The satellite was deployed in an elliptical polar orbit and carries a commercial communications system called Cascade as well as a scientific experiment package called e-POP (enhanced Polar Outflow Probe) Following staging, the Falcon 9's first stage was used by SpaceX for a controlled descent and landing test. While the first stage was destroyed on impact with the ocean, significant data was acquired and the test was considered a success.

History

The satellite that became CASSIOPE began with a 1996 concept for a small (70 kg/150 lb), inexpensive microsatellite called Polar Outflow Probe, or POP. The Canadian Space Agency funded a 1997 feasibility study that led to a modified mission concept that was designed during 2000-2005. ^[6] The revised concept was to combine an enhanced version of POP, called e-POP, with a MacDonald, Dettwiler and Associates (MDA) commercial satellite called Cascade, into a single satellite, and to design and build a generic, low-cost small satellite bus that would be useful for other Canadian satellite missions in the future. ^[7] The eight e-POP scientific instruments were built, calibrated, and tested in 2005-2007, with integration onto the satellite bus for spacecraft-level testing in 2008-2009. ^[6]

Spacecraft

CASSIOPE is a 481 kg (1,060 lb) small satellite that is 180 cm (71 in) long and 125 cm (49 in) high. ^{[5] [8]} It combines the function of two distinct missions in order to be more cost-effective and reduce risk. ^[9] The spacecraft carries a primary payload of two instrument suites: the Cascade commercial communications system and a scientific payload named e-POP.

Cascade

The commercial payload, named Cascade, is a technology demonstrator courier in the sky, aimed at providing a proof of concept for a digital broadband courier service for commercial use. ^[10] Built by MDA, the operational concept is to receive very large data files as the satellite orbits the globe, store them onboard temporarily, then deliver them at a later time to nearly any destination worldwide. ^[9]

e-POP

The e-POP portion of CASSIOPE is a suite of eight scientific instruments. The University of Calgary's Institute for Space Research leads the science project, while MDA is the prime contractor for the mission including launch and operation of the spacecraft. The orbital science mission is scheduled for a 21-month duration. ^[6] e-POP will gather data on Solar storms in the upper atmosphere. These storms give rise to the polar aurora or northern lights seen in the skies in northern latitudes. While these atmospheric glows may offer a thrilling nighttime spectacle, the inducing radiation can interfere with radio communications, GPS navigation, and other space-based systems. ^[11] The eight scientific instruments aboard CASSIOPE will help scientists understand solar weather and eventually plan for measures to mitigate its deleterious effects. ^[12]

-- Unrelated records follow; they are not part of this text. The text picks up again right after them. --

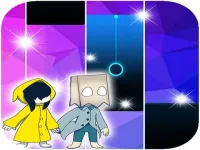 Little Nightmare 2 Piano Tiles Game image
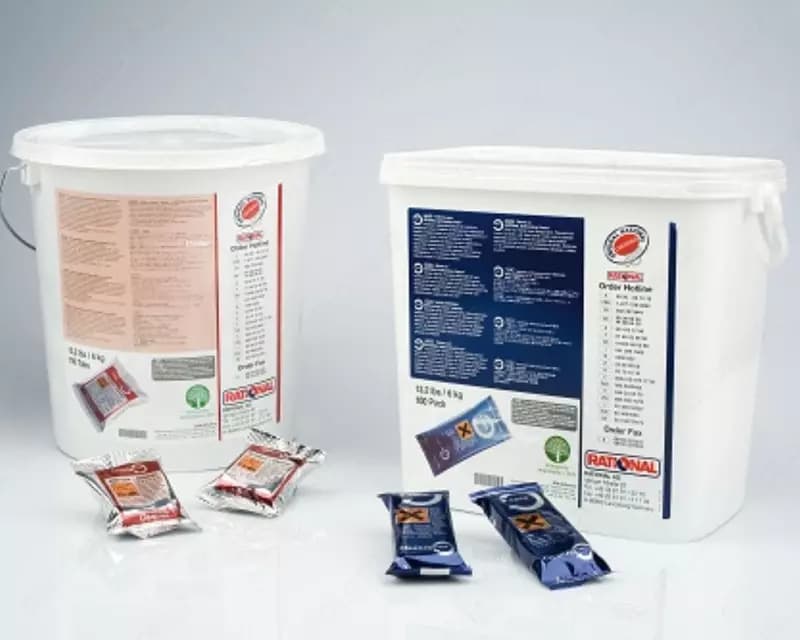 Очистки камеры от жира и остатков пищи Rational Cleaning — 2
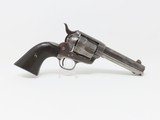 Antique COLT “PEACEMAKER” SAA .38-40 WCF BLACK POWDER Frame Revolver WILD WEST .38 WCF Colt 6-Shooter Made in 1894! - 15 of 18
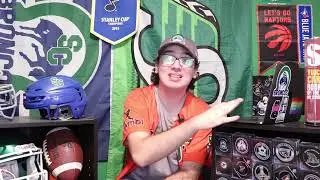 The Most Chaotic Week in Canadian Sports in YEARS | Prairie Sports Talk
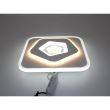 Plafoniera led 2800K-7000K L300XW300XH35 165-265V LD4207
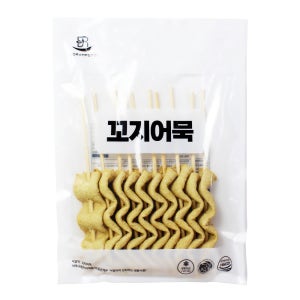 사각꼬지어묵 320g 20개 1박스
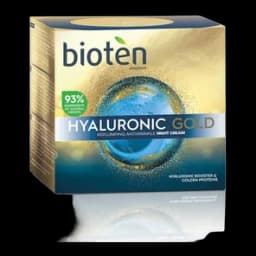 Krema nocna Bioten hyaluronic gold 50ml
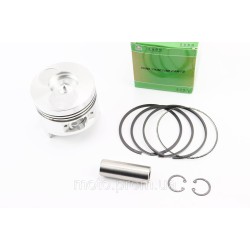 Поршень к-кт 186F 86mm STD (форкамера Поршень к-кт 186F 86mm STD (форкамера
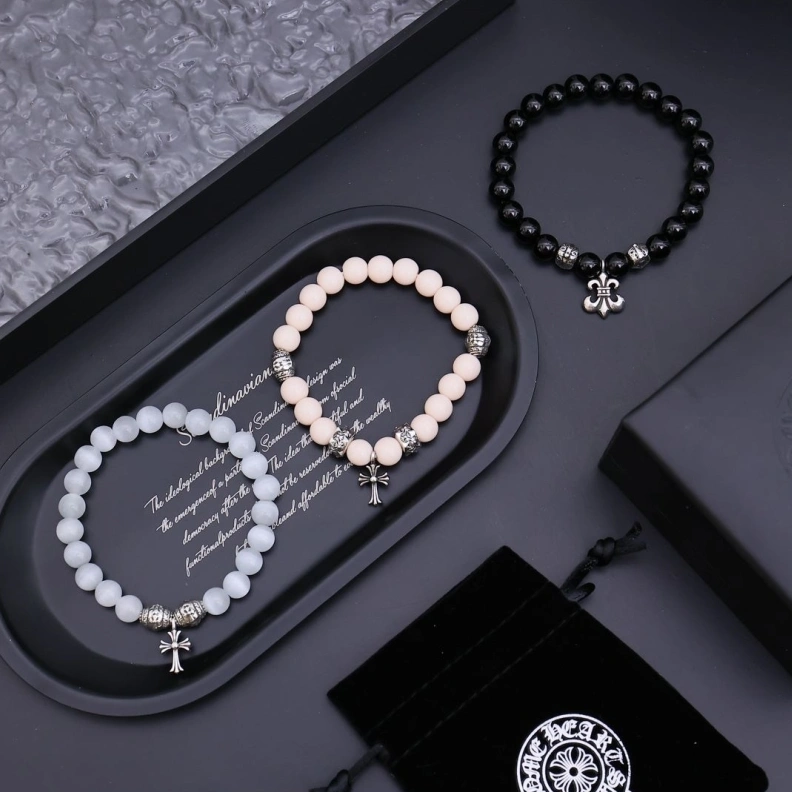 Minimalist Chrxmx Hxxrts Bracelets 297245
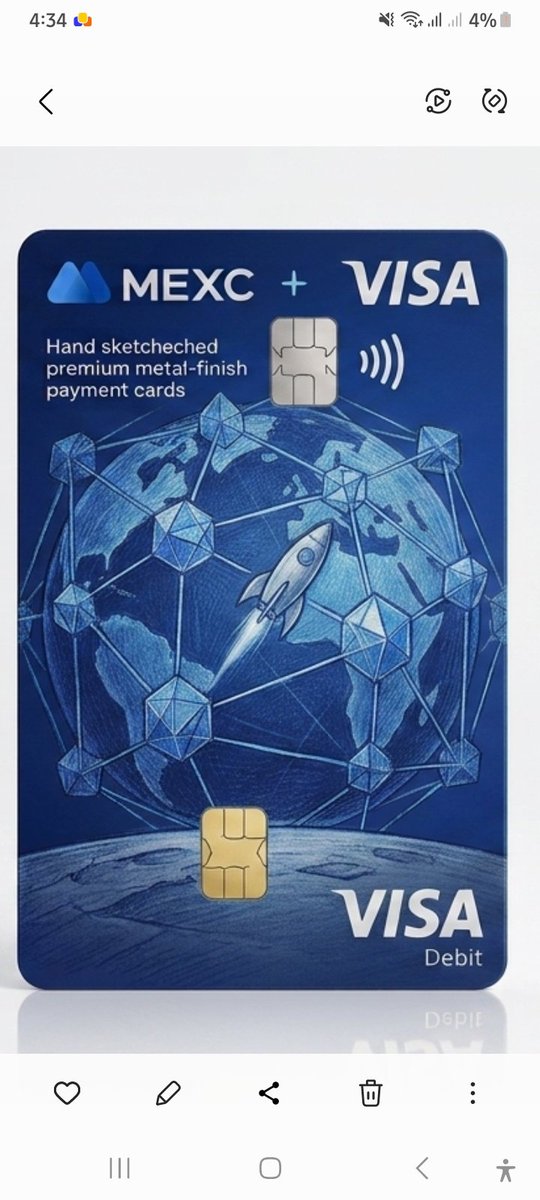 ArmanHridoy8's tweet photo. @MEXC_SEA Mexc UID - 62145232
@hridoyarma2p
@Hridoy16247
@lukeogjs
#MEXC #MEXCSEA #MEXCCard #CommunityChallenge #DesignChallenge #CryptoCommunity #MEXCmize https://t.co/0chnO9TjZJ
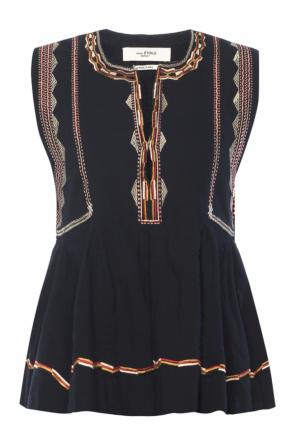 Embroidered top, zdjęcie 1 Embroidered top od Isabel Marant Etoile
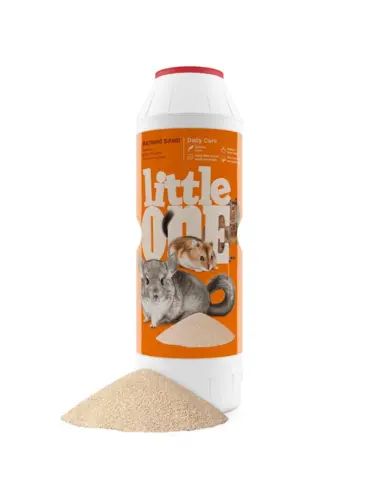 Little One Badesand 1 kg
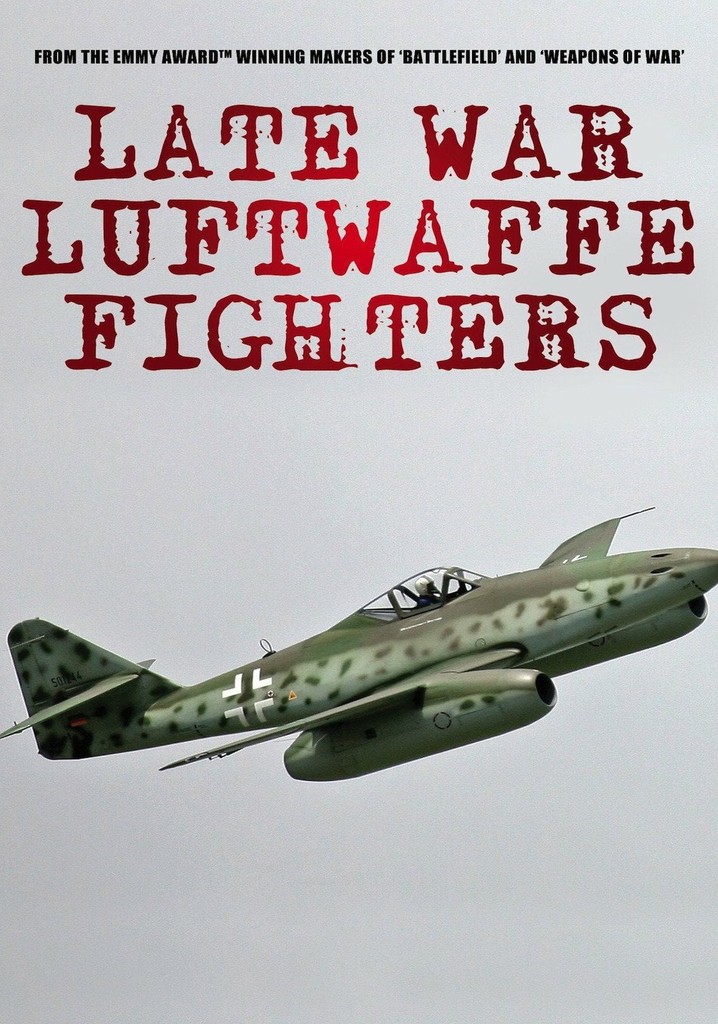 Late War Fighters Of The Luftwaffe Online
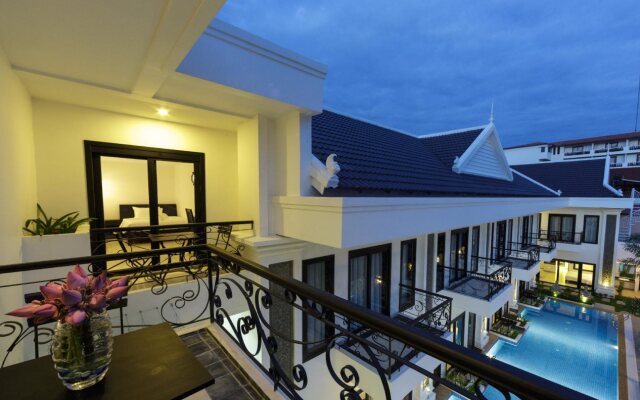 Aroma Angkor Boutique Hotel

The e-POP payload contains eight scientific instruments: ^[13]

• Coherent EM Radio Tomography (CER), measuring radio propagation and ionospheric scintillation
• Fast Auroral Imager (FAI), measuring large-scale auroral emissions
• GPS Altitude and Profiling Experiment (GAP), high-precision position and attitude determination
• Imaging and Rapid Scanning Ion Mass Spectrometer (IRM), measuring the three-dimensional distribution of ions
• Fluxgate Magnetometer (MGF), high-precision magnetic field perturbation measurement
• Neutral Mass Spectrometer (NMS), measuring the mass, composition and velocity of neutral particles
• Radio Receiver Instrument (RRI), measuring radio wave propagation
• Suprathermal Electron Imager (SEI), measuring low-energy electron distribution

Launch

SpaceX Falcon 9 launch from Vandenberg with CASSIOPE

At the time the launch services were contracted in 2006, the SpaceX Falcon 9 launch vehicle had yet to be developed, but MDA signed on to have CASSIOPE on one of its first flights anyway. ^[14] The launch was originally scheduled for second quarter in 2008. ^[15] The launch date slipped several times, and the launch vehicle shifted from the Falcon 9 v1.0 to the Falcon 9 v1.1 in June 2010. ^[12]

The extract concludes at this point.